(Data extracts begins)

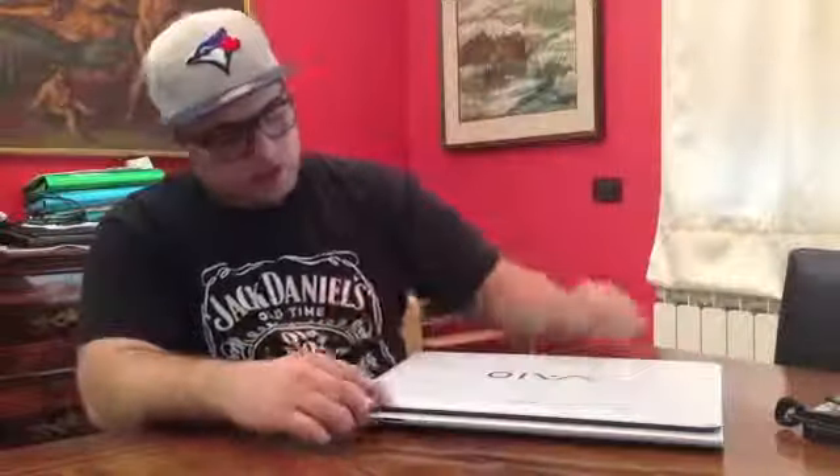It's a FHD 17.3-inch laptop. We have a great exterior look. We have a plastic finish — it's all made of plastic.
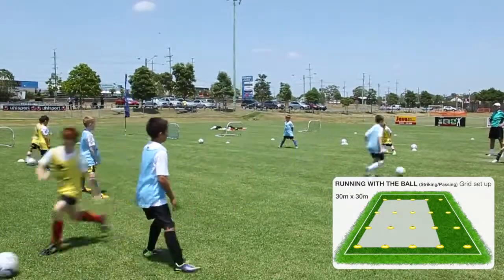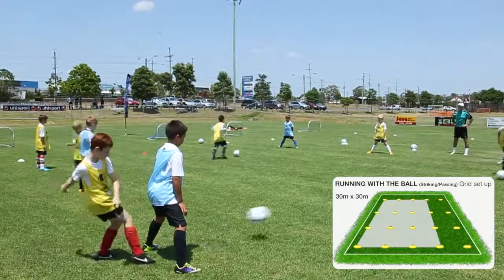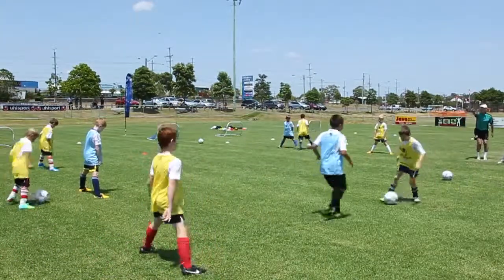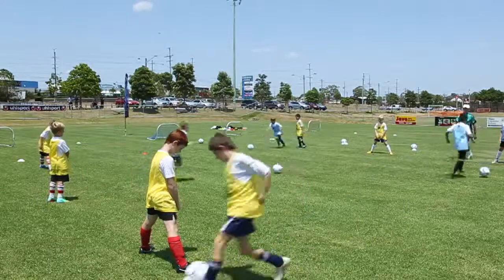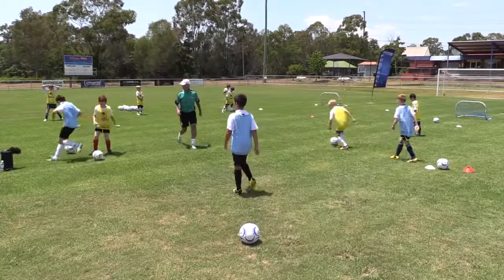Once the players are in position, the coach takes minimal time to explain and demonstrate the practice before the players start. You could use one group of players to demonstrate by walking through the process for the practice. It is very important to get the practice underway for your players.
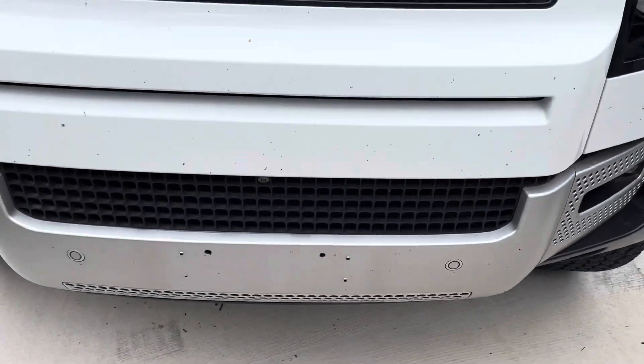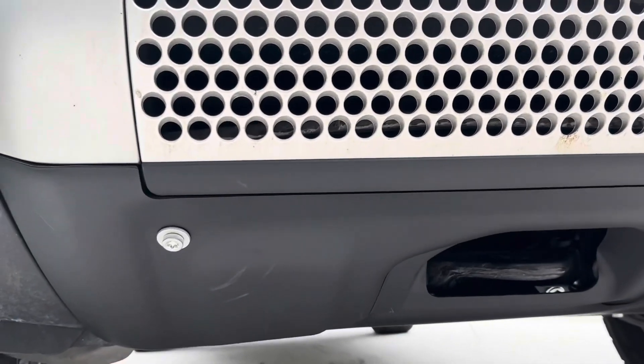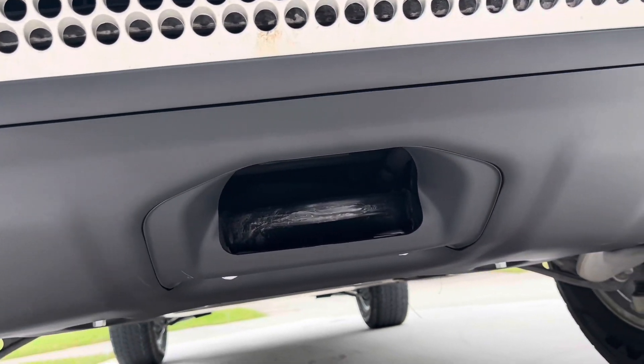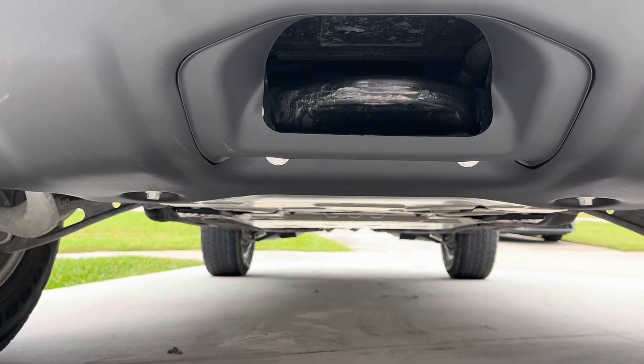Fast forward. I went ahead and installed a new aluminum skid plate, got rid of all the plastic under the front. This bolts on, a lot more sturdy, and gives me access to the tow boat.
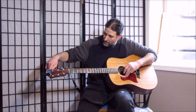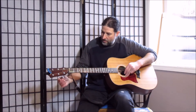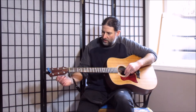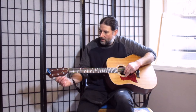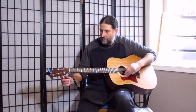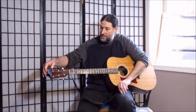This is the D — a little flat, so bring it up. There we go, D. Then the G, it's a little sharp. The B string is my nemesis — I always have the hardest time keeping this string tuned. And then we have E again.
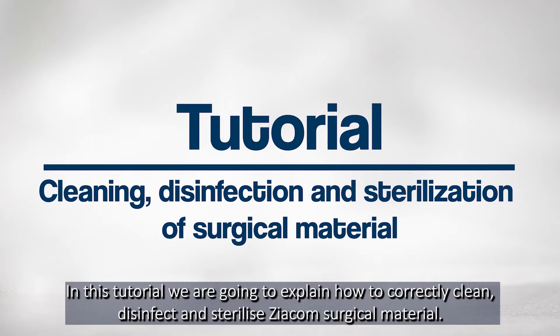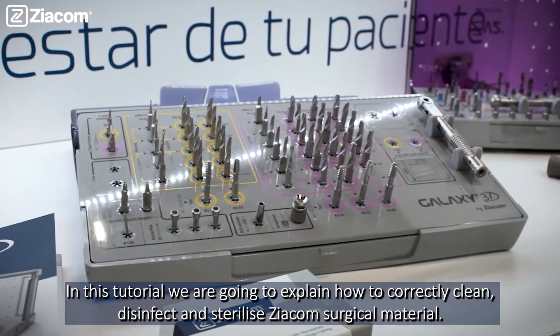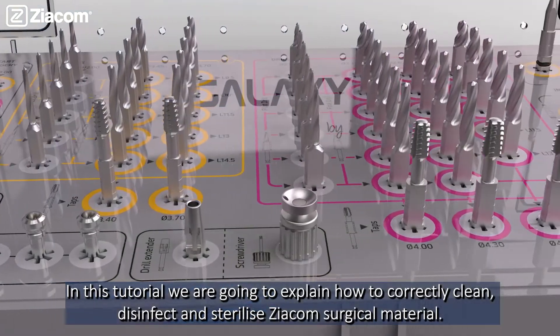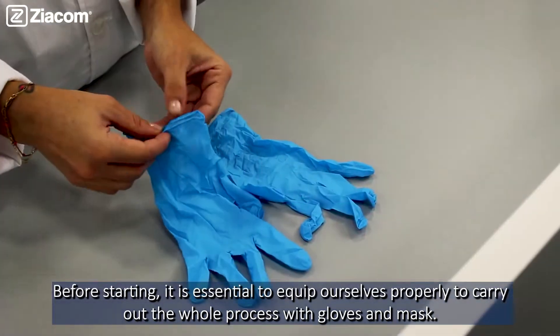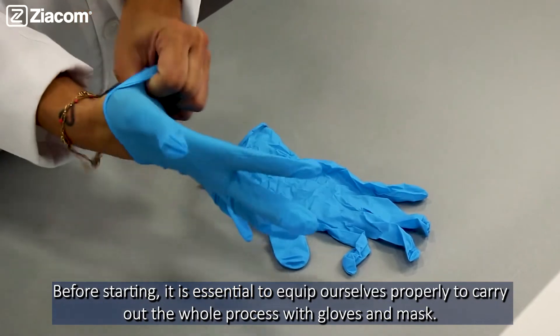In this tutorial, we are going to explain how to correctly clean, disinfect and sterilize Siacom surgical material. Before starting, it is essential to keep ourselves properly protected to carry out the whole process with gloves and masks.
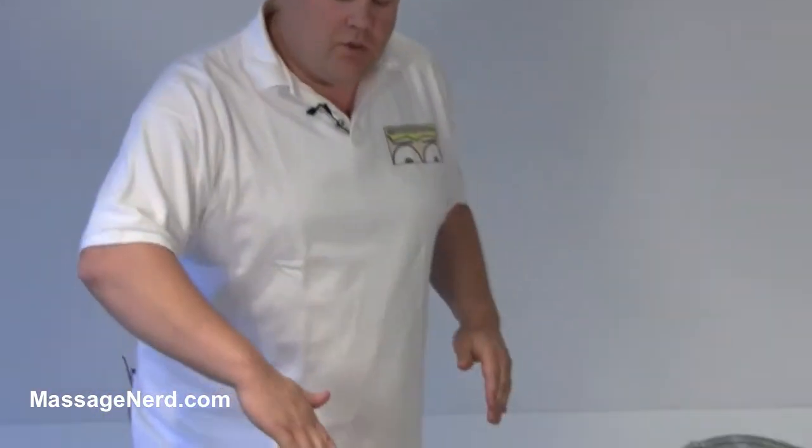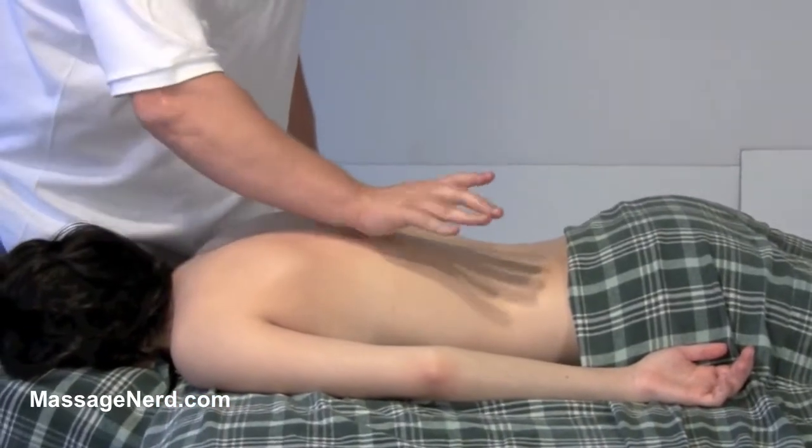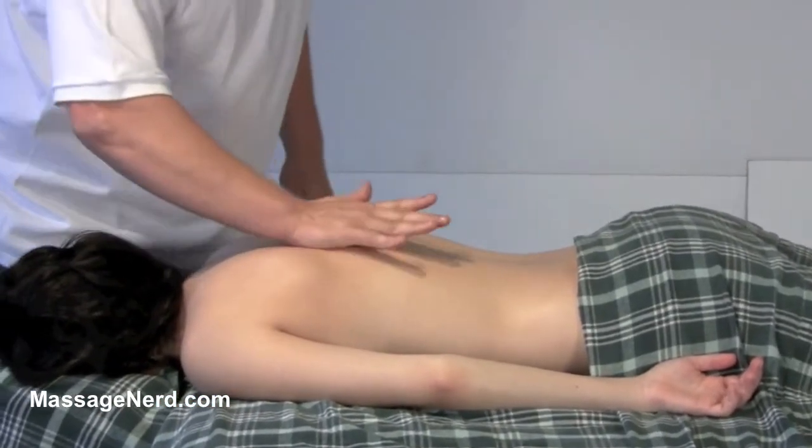This next technique, I call it the caterpillar, and what we're going to be doing is the pads. We're going to go finger, palm, helipalm, finger, palm, helipalm, finger, palm, helipalm.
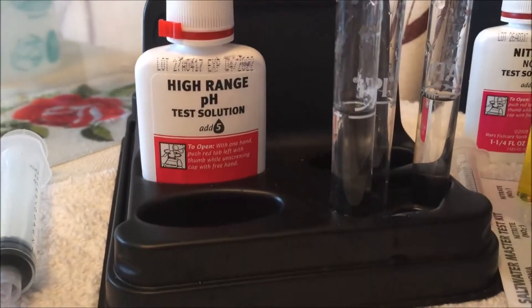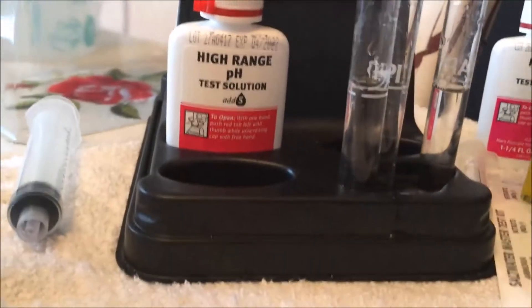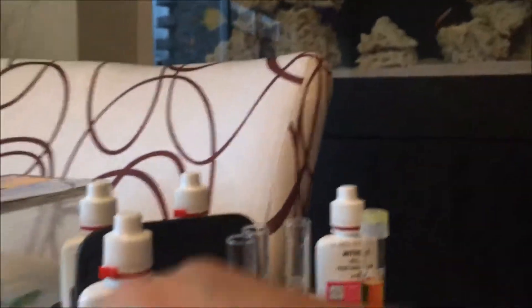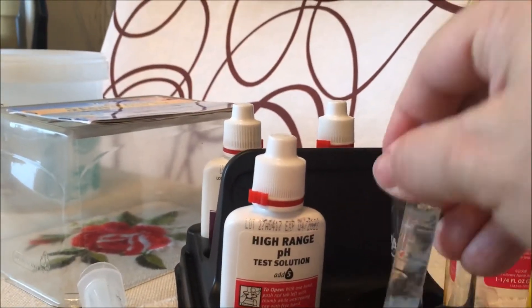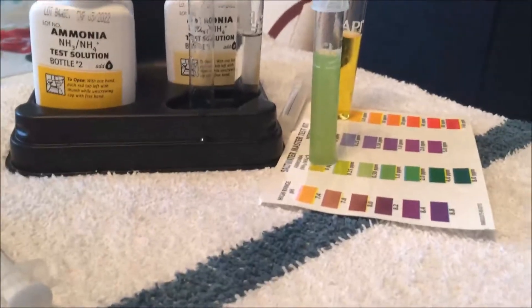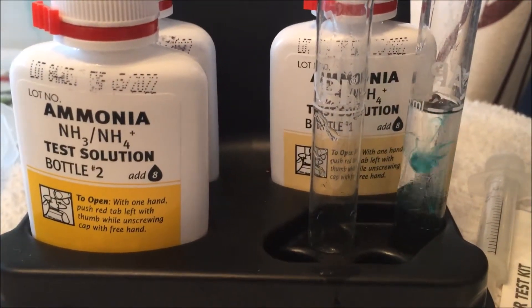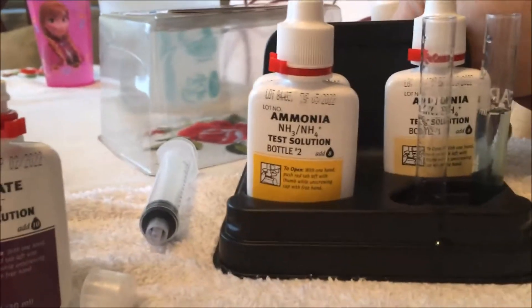Next we're going to do the ammonia test - eight drops, then two drops of number two. Let's shake this guy up. Then we're going to do the nitrite test, so we're going to put in five drops. All right, we got five drops - let's cap it and stir it.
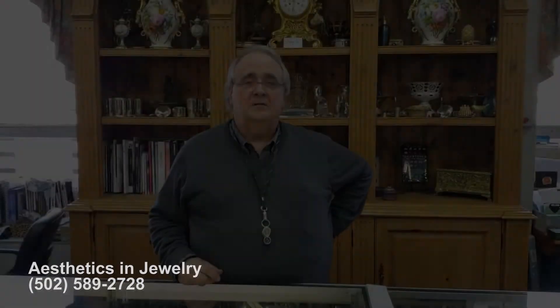Thanks for watching. Stay well. If you have any further questions, leave them in the comment section and we'll get back with you. Thanks.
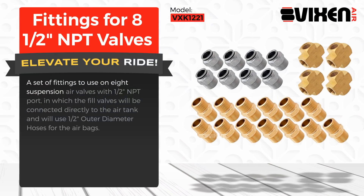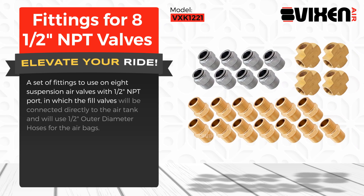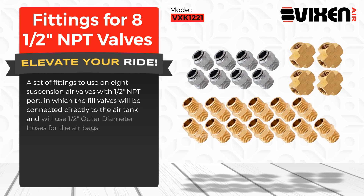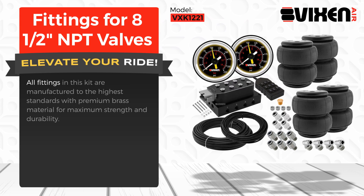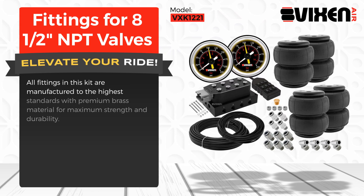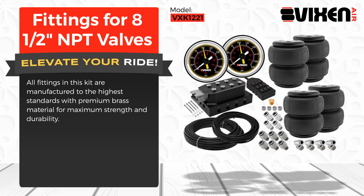A set of fittings to use on 8 suspension air valves with half an inch NPT port, in which the fill valves will be connected directly to the air tank and will use half an inch outer diameter hoses for the airbags. All fittings in this kit are manufactured to the highest standards with premium brass material for maximum strength and durability.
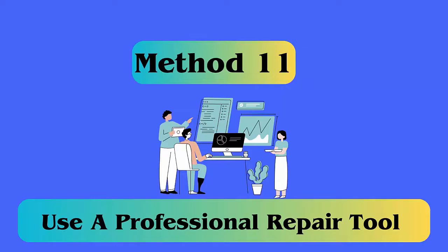Method 11: Use a professional repair tool. If you are looking for a quick solution to get rid of any kind of error, go for Android Repair — a professional repair software that helps fix the copy-paste not working error easily.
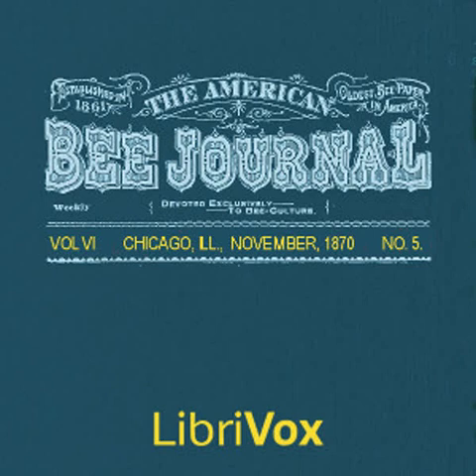Section 3 of the American Bee Journal, Volume 6, Number 5, November 1870. This is a LibriVox recording. All LibriVox recordings are in the public domain. For more information or to volunteer, please visit LibriVox.org. The American Bee Journal, Volume 6, Number 5, November 1870, by Various.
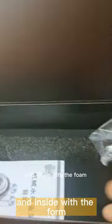And inside is a foam — foam inside. You can put things in.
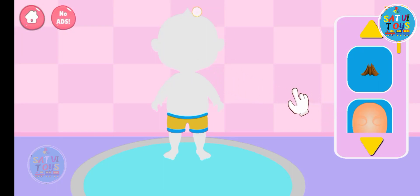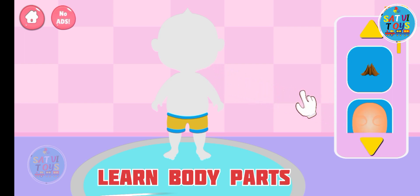Hello kids, today we learn all body parts. Let's start the game. Pick pictures one by one and put them on the body. But firstly we check all parts and learn, then put on body.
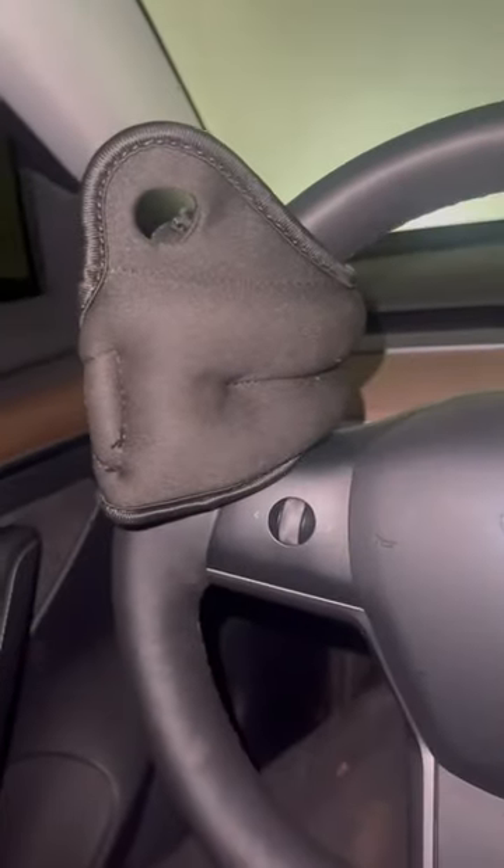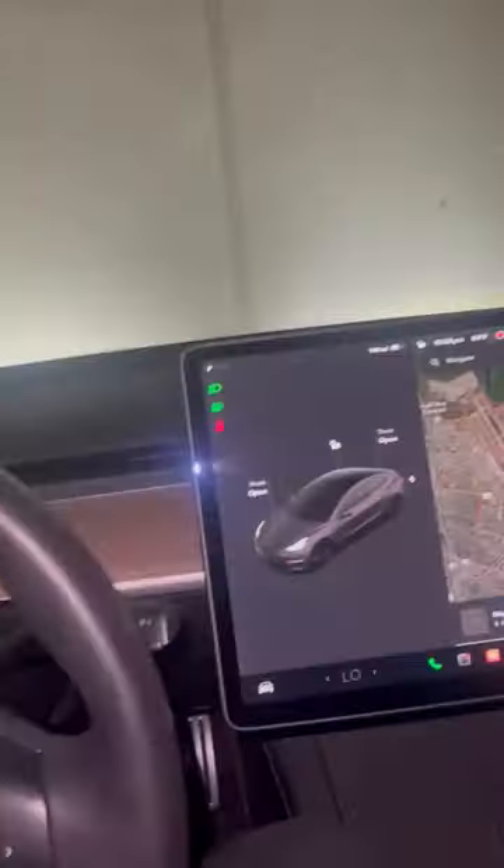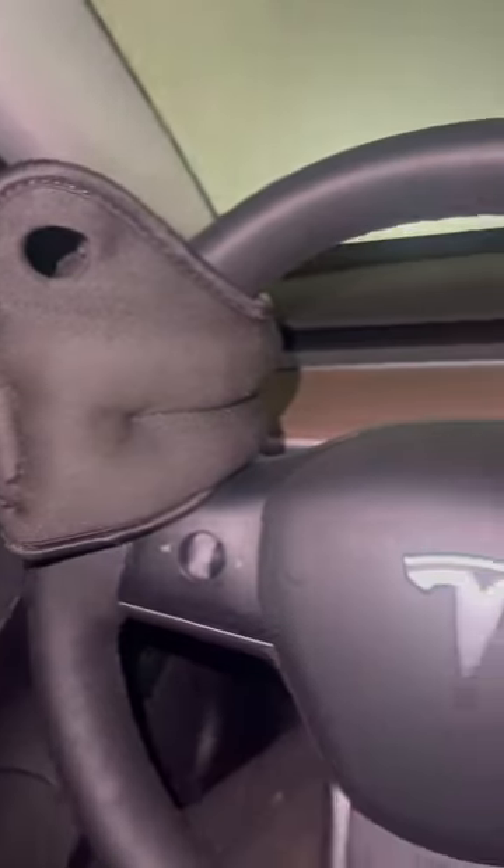Basically you just wrap this bad boy like so, and then you just drive and you don't have to touch the steering wheel at all. How do you like them apples? I will do it while driving too, just to prove my point.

(Data extracts ends)

Work to be completed:
Quote all the lines above exactly as given. Do not include the pictures.

Expected answer:
It's a FHD 17.3-inch laptop. We have a great exterior look. We have a plastic finish — it's all made of plastic.
Once the players are in position, the coach takes minimal time to explain and demonstrate the practice before the players start. You could use one group of players to demonstrate by walking through the process for the practice. It is very important to get the practice underway for your players.
Fast forward. I went ahead and installed a new aluminum skid plate, got rid of all the plastic under the front. This bolts on, a lot more sturdy, and gives me access to the tow boat.
This is the D — a little flat, so bring it up. There we go, D. Then the G, it's a little sharp. The B string is my nemesis — I always have the hardest time keeping this string tuned. And then we have E again.
In this tutorial, we are going to explain how to correctly clean, disinfect and sterilize Siacom surgical material. Before starting, it is essential to keep ourselves properly protected to carry out the whole process with gloves and masks.
This next technique, I call it the caterpillar, and what we're going to be doing is the pads. We're going to go finger, palm, helipalm, finger, palm, helipalm, finger, palm, helipalm.
Next we're going to do the ammonia test - eight drops, then two drops of number two. Let's shake this guy up. Then we're going to do the nitrite test, so we're going to put in five drops. All right, we got five drops - let's cap it and stir it.
Thanks for watching. Stay well. If you have any further questions, leave them in the comment section and we'll get back with you. Thanks.
A set of fittings to use on 8 suspension air valves with half an inch NPT port, in which the fill valves will be connected directly to the air tank and will use half an inch outer diameter hoses for the airbags. All fittings in this kit are manufactured to the highest standards with premium brass material for maximum strength and durability.
Method 11: Use a professional repair tool. If you are looking for a quick solution to get rid of any kind of error, go for Android Repair — a professional repair software that helps fix the copy-paste not working error easily.
Section 3 of the American Bee Journal, Volume 6, Number 5, November 1870. This is a LibriVox recording. All LibriVox recordings are in the public domain. For more information or to volunteer, please visit LibriVox.org. The American Bee Journal, Volume 6, Number 5, November 1870, by Various.
And inside is a foam — foam inside. You can put things in.
Hello kids, today we learn all body parts. Let's start the game. Pick pictures one by one and put them on the body. But firstly we check all parts and learn, then put on body.
Basically you just wrap this bad boy like so, and then you just drive and you don't have to touch the steering wheel at all. How do you like them apples? I will do it while driving too, just to prove my point.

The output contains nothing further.